##### Information shown #####

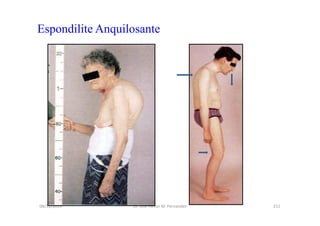 08/12/2015 Dr. José Heitor M. Fernandes 211
Espondilite Anquilosante
 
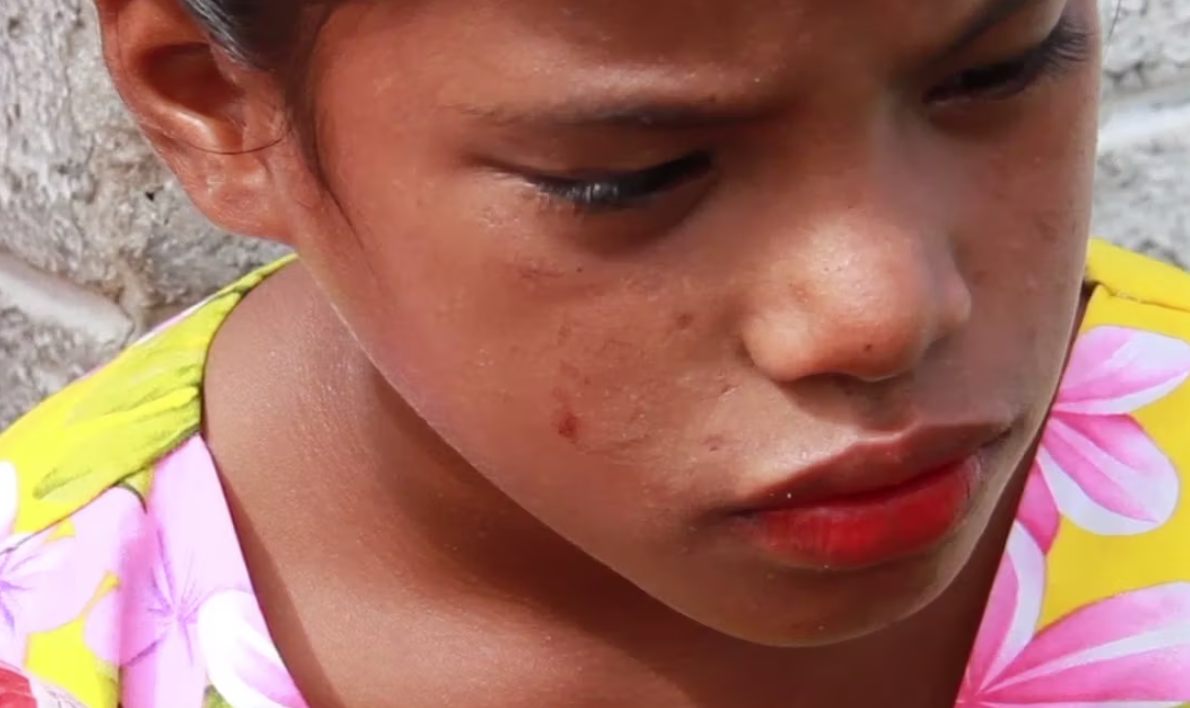Our Nukes, Their Kids In “Our Nukes, Their Kids” we talked to high schoolers from the Marshall Islands to learn about the Marshallese culture and the impact that United States’ nuclear testing had on the lives of Marshallese youth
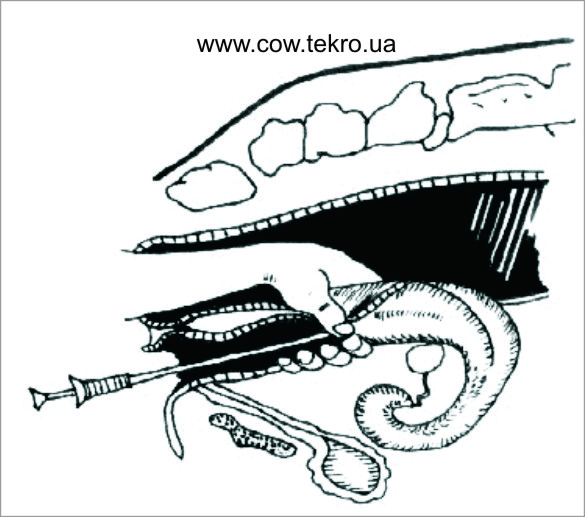 Shema rektocervіkalnogo osіmenіnnja korіv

#####

- Your objective -
Exclude the pictures. Write out the remaining data exactly.

- Solved exercise -
 08/12/2015 Dr. José Heitor M. Fernandes 211
Espondilite Anquilosante
 
Our Nukes, Their Kids In “Our Nukes, Their Kids” we talked to high schoolers from the Marshall Islands to learn about the Marshallese culture and the impact that United States’ nuclear testing had on the lives of Marshallese youth
 Shema rektocervіkalnogo osіmenіnnja korіv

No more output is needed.